Entscheidungsstichwort (Thema)

Anwaltskosten, materielle Existenzgrundlage

 

Leitsatz (redaktionell)

Dem Abzug von Anwaltskosten, die im Zusammenhang mit der Beurkundung des Nachnamens eines minderjährigen Kindes sowie mit dem Umgangsrecht für dieses Kind entstehen, als außergewöhnliche Belastungen steht § 33 Abs. 2 Satz 4 EStG entgegen.

 

Normenkette

EStG § 33 Abs. 2 S. 4

 

Tatbestand

Streitig ist die Berücksichtigungsfähigkeit von Prozesskosten als außergewöhnliche Belastung im Sinne von § 33 Abs. 2 Satz 4 Einkommensteuergesetz (EStG).

Die Klägerin ist die Mutter des am xx.xx.2010 in den Niederlanden geborenen Kindes U.

Unter dem 11.02.2016 erließ der Beklagte für den Veranlagungszeitraum 2014 einen Schätzungsbescheid, indem er die Klägerin und ihren Ehemann zusammen zur Einkommensteuer veranlagte.

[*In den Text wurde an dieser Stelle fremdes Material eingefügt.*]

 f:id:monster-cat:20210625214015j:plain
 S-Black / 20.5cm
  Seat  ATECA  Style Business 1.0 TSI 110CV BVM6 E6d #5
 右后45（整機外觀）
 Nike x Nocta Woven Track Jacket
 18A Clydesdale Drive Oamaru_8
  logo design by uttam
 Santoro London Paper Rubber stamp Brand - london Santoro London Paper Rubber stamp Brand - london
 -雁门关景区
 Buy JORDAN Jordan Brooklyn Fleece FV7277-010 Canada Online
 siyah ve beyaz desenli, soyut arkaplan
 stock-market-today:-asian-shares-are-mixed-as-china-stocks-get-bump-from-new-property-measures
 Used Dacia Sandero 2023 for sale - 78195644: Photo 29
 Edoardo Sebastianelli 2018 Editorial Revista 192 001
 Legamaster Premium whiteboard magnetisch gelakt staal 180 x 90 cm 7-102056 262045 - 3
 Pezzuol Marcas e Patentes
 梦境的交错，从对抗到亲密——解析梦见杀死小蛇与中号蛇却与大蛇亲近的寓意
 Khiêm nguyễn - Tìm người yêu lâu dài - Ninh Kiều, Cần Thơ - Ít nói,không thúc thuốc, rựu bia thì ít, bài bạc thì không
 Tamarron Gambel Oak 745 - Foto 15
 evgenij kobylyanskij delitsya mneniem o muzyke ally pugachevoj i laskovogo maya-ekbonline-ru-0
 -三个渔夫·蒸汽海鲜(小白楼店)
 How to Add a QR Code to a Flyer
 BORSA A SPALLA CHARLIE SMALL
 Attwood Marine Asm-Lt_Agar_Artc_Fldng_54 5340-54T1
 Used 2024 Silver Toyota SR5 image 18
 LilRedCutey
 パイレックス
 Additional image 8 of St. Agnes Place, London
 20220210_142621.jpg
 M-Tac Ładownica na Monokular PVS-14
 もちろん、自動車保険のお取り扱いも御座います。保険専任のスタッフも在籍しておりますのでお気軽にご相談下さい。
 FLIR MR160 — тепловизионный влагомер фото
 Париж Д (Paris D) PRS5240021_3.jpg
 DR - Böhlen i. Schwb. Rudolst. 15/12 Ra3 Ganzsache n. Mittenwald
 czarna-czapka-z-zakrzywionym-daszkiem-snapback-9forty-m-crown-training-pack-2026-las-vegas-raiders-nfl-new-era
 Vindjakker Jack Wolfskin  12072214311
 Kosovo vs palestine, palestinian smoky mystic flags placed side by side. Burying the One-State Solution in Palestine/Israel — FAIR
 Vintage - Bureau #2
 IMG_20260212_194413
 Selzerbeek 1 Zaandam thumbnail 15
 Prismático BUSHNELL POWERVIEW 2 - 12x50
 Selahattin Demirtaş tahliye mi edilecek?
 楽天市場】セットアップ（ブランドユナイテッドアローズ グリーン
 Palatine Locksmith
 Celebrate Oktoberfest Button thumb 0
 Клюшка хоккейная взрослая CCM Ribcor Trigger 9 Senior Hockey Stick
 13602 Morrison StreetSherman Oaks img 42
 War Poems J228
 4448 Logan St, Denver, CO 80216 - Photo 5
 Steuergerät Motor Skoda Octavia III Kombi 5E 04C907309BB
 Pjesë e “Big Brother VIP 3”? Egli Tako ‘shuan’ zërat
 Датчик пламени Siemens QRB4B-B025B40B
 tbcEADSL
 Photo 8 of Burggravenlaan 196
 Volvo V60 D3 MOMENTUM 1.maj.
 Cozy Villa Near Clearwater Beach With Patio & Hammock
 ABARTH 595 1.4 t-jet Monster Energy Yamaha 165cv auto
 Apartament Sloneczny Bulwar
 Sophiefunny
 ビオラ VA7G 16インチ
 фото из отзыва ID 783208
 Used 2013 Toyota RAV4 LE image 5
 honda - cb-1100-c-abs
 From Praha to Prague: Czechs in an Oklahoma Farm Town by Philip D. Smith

Gegen diesen Bescheid legte die Klägerin am 19.02.2016 Einspruch ein und reichte zur Begründung ihre Steuererklärung ein. Mit ihrer Steuererklärung beantragte sie die Einzelveranlagung. Mit Schreiben vom 14.03.2016 übersandte die Klägerin einen geänderten Mantelbogen, in dem sie Anwaltskosten in Höhe von 3.799,00 € als außergewöhnliche Belastung geltend machte. Dem Schreiben waren fünf Rechnungen der niederländischen Kanzlei M in Höhe von insgesamt 2.296,04 € (1.281,96 €, 148,78 €, 570,12 €, 165,00 €, 130,18 €) sowie eine Rechnung der Kanzlei N (502,78 €) beigefügt. Zudem reichte die Klägerin die Kontoauszüge ein, aus denen die Bezahlung dieser Rechnungen hervorgeht. Darüber hinaus fügte die Klägerin ihrem Schreiben vom 14.03.2016 eine Bestätigung des Rechtsanwalts L bei, aus dem hervorgeht, dass dieser am 14.08.2014 von ihr einen Vorschusskostenbetrag in Höhe von 1.000,00 € erhalten habe. Die Klägerin erklärte, die Anwaltsrechnungen stünden im Zusammenhang mit ihrem Sohn.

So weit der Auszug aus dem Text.